Ich wundere mich über die intellektuelle Linke, die sich fragt, weshalb ihre Thesen nun nicht mehr gehört werden von „den Schwächeren“, für die sie zu reden meinen. Weshalb die Rechten auf dem Vormarsch sind. Diese Linken, von denen vermutlich nicht wenige Erben sind, haben kaum mehr Zugang zur Wut über die Verhältnisse in der eigenen Schicht und Arbeitswelt. Niemand schreit dagegen an, dass man als alleinstehender Mensch knapp die Hälfte seines Lohns abzugeben hat in diesem Land. Stattdessen oft meditative Welterklärerei, die immerzu dort endet, wo alles zu komplex ist, um noch erklärbar zu sein. Und das bei einer Datenlage, die so gut ist wie nie zuvor. So kann die Linke keine Kraft entwickeln, die weniger Wohlsituierten als Vorbild und Anknüpfungspunkt dienen könnte. Die Glaubwürdigkeit fehlt.

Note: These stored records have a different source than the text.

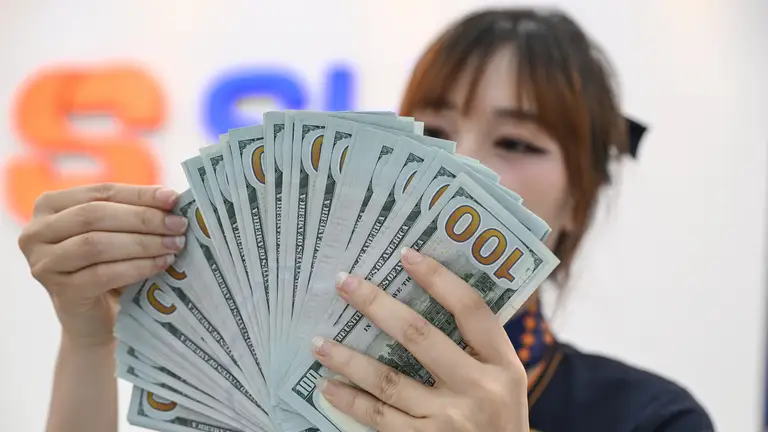 Giá USD hạ nhiệt
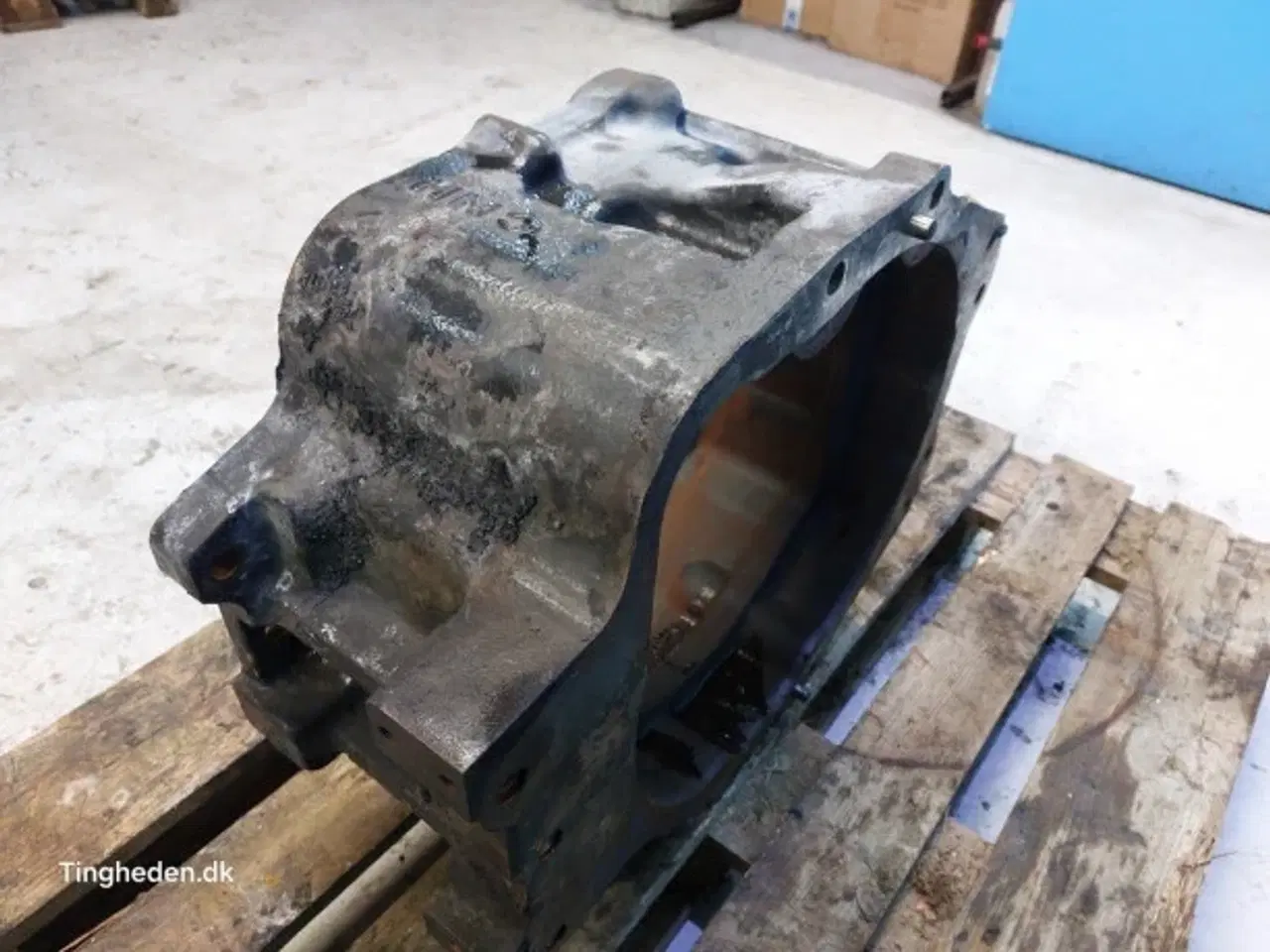 Billede 5 - New Holland T6 Afstandsstykke 47556462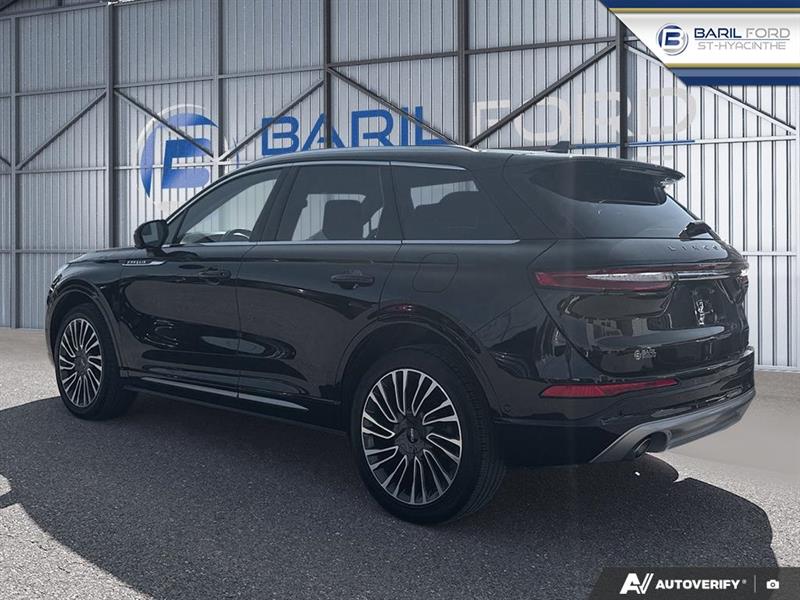 lincoln Corsair 2022 - 4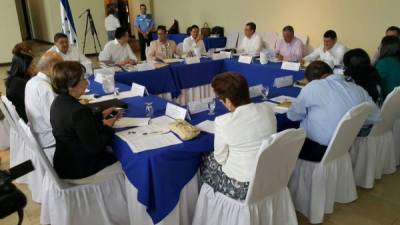 El pleno de la Corte Suprema de Justicia en una reunión en Gracias ayer.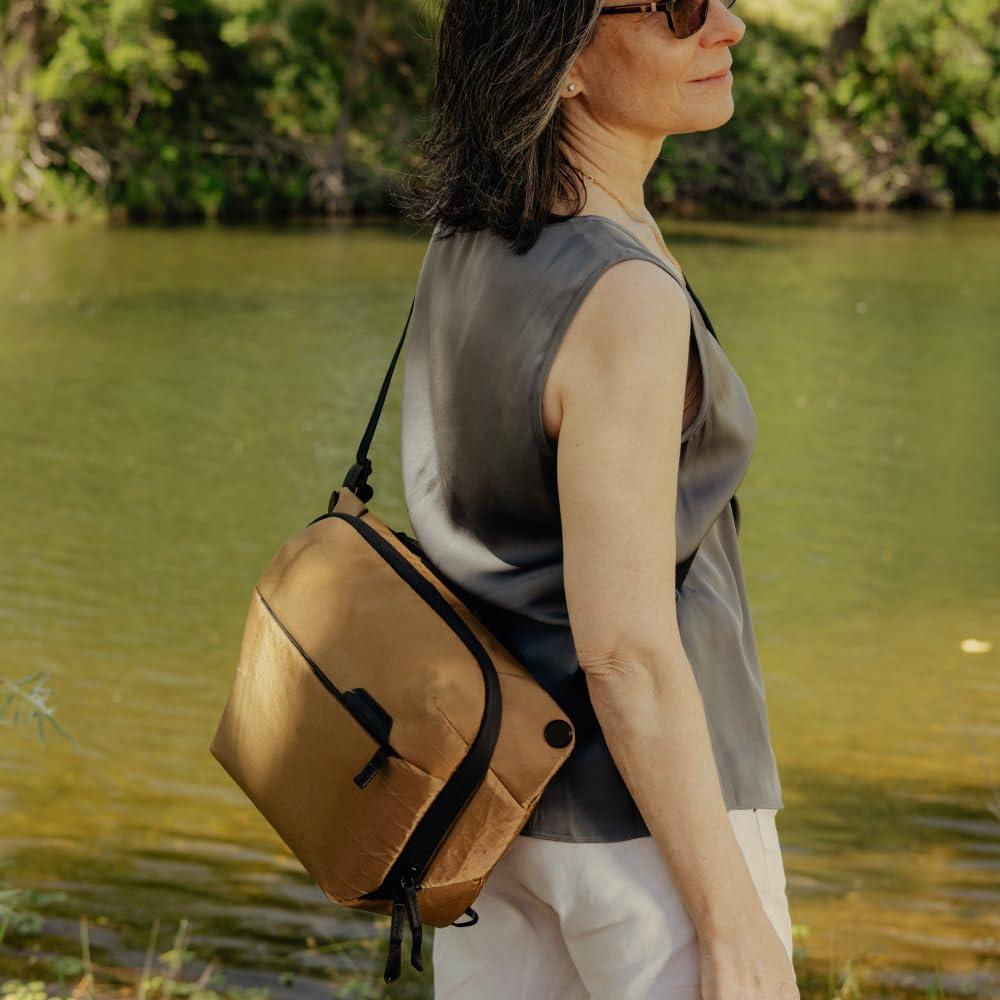 imagePeak Design Everyday Sling 3L 6L and 10LCoyote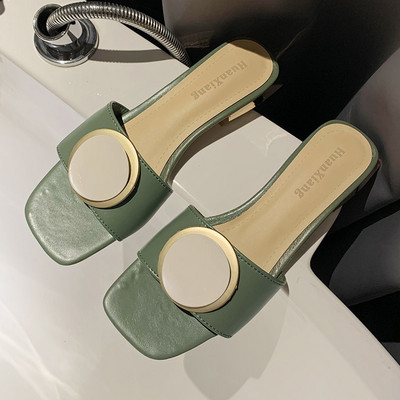 Papuci eleganti de dama cu catarama si toc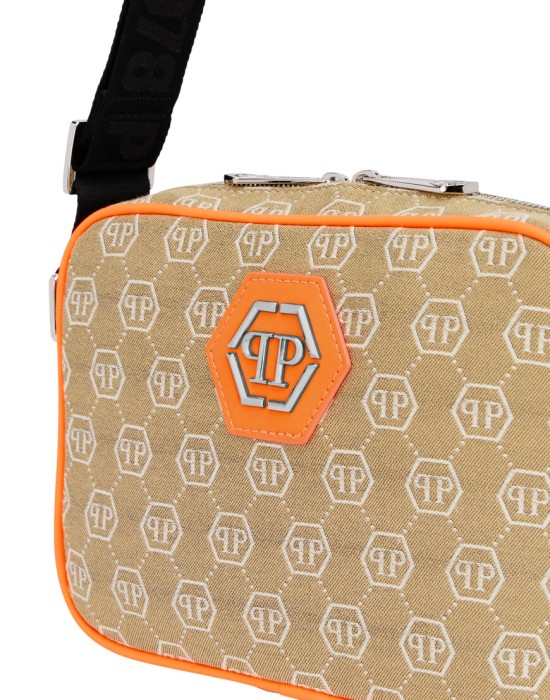 Товар бежевого цвета с внутренней стороны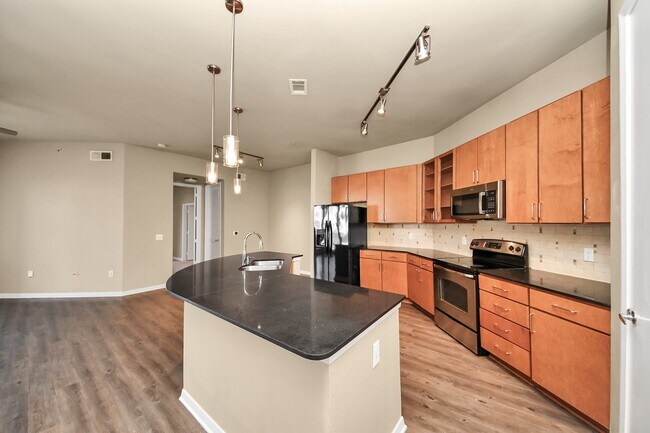 Photo - 5455 Richmond Ave. Unit 2011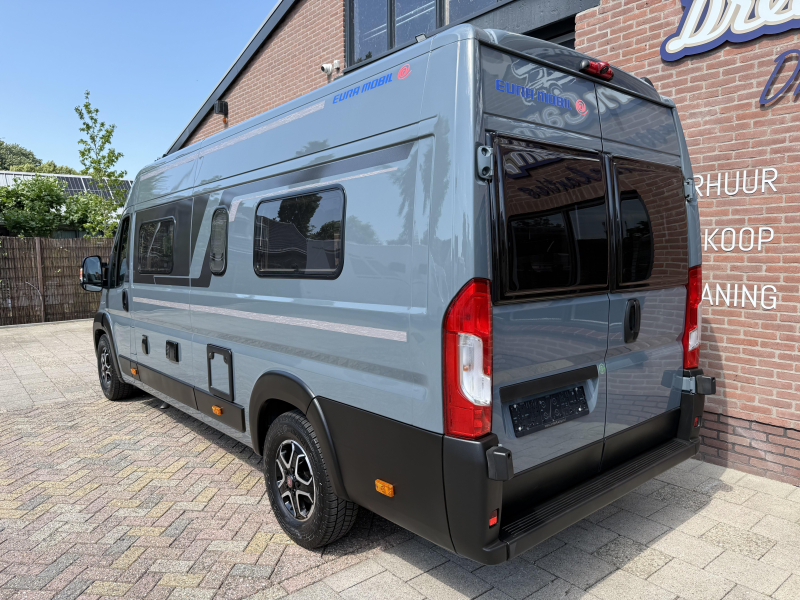 Eura Mobil Van 635 EB V635 EB Lage bedden!  foto: 8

Immer längere Pendlerzeiten
Viele der „einfachen Menschen“ lachen über „diese Linken“. Unter #ungleichland zeigen Gehaltsvergleiche, dass eine Sekretärin bei Daimler mehr verdient als ein gebildeter Linker. Die meisten Akademiker arbeiten für einen Stundenlohn, für den ein Klempner nicht mal das Haus verlassen würde. In einer Welt, in der nur Stärkere zum Vorbild taugen, fragen sich viele, was man von solchen lernen will: Von solchen, die abends auf Vorträge gehen, ohne sich einen Nachtzuschlag zahlen zu lassen. Die immer längere Pendlerzeiten in Kauf nehmen, immer länger arbeiten. Der Kapitalismus als rhetorischer Feind, den ich in der Praxis selbst verkörpere.

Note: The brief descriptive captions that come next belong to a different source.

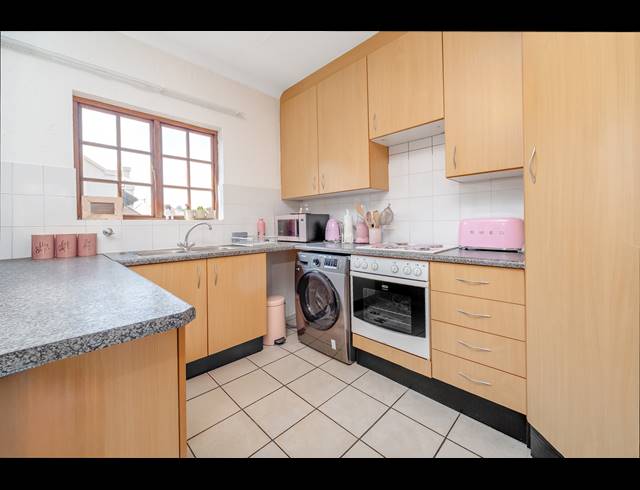 1 BEDROOM APARTMENT FOR SALE IN LONEHILL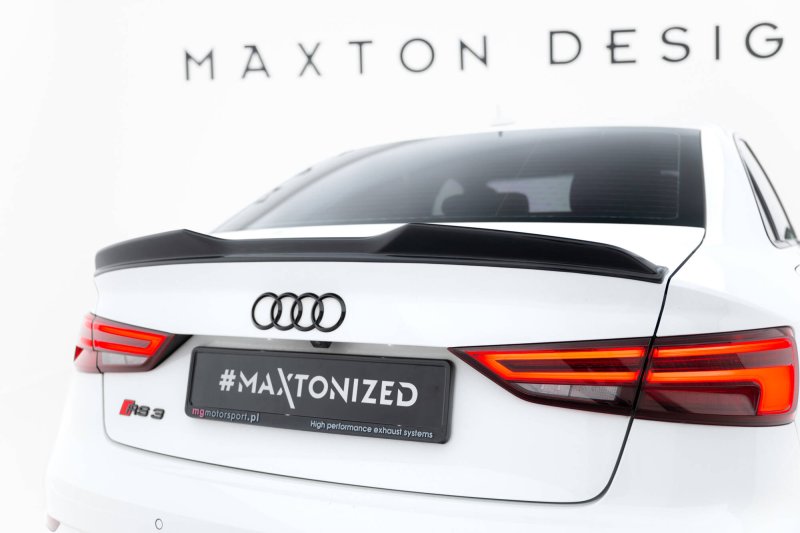 Maxton Spoiler CAP Abrisskante 3D Audi RS3 Limousine 8V / 8V Facelift schwarz Hochglanz AU-A3-8V-CAP3D1-G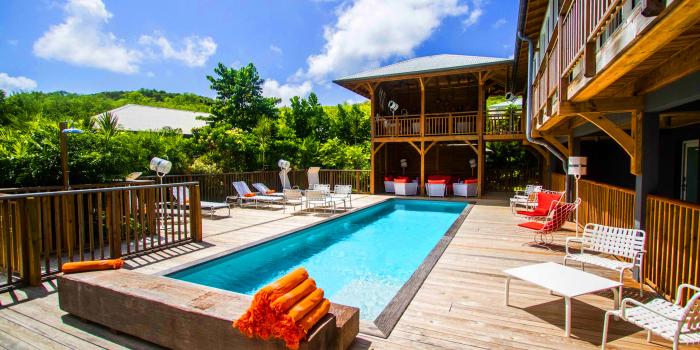 French Coco Hotel de charme Trinité Martinique vue piscine collective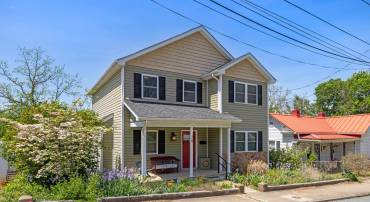 26 LAKE AVE, STAUNTON, Virginia 24401, 4 Bedrooms Bedrooms, ,3 BathroomsBathrooms,Residential,26 LAKE AVE,664015 MLS # 664015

Radikalität zu fordern ist en vogue. Radikales Denken geht in einer immer ungerechteren Gesellschaft aber nicht ohne Wut. Sie geht nicht im Harmoniemodus vieler Millenials. Der Hochmut, nicht mehr zu streiten mit jenen, die anders denken, nicht mehr zu kämpfen, weil es zu proletarisch sein könnte, führte dazu, dass linkes Denken zunehmend zu einem Denken unter sich wurde. Wer aber nur die Kultur- und Medienbourgeoisie erreichen will, kann gleich einpacken. Wenn ich ständig nur Repliken auf meine Kolumnistenkollegen verfasse, wen soll das noch jucken?
Das Unvorstellbare für die Retter dieser Erde ist: Die zu Rettenden wollen nicht gerettet werden. Schon gar nicht in die Welt dieser Retter. Zu viele linke Kritiker treffen einfach den Nerv nicht. Es wäre ein Segen, wenn „Ungleichland“ mehr würde als ein Hashtag: der Anfang einer neuen Aufklärung darüber, woran westliche Demokratien zu arbeiten haben. Möglichst schnell.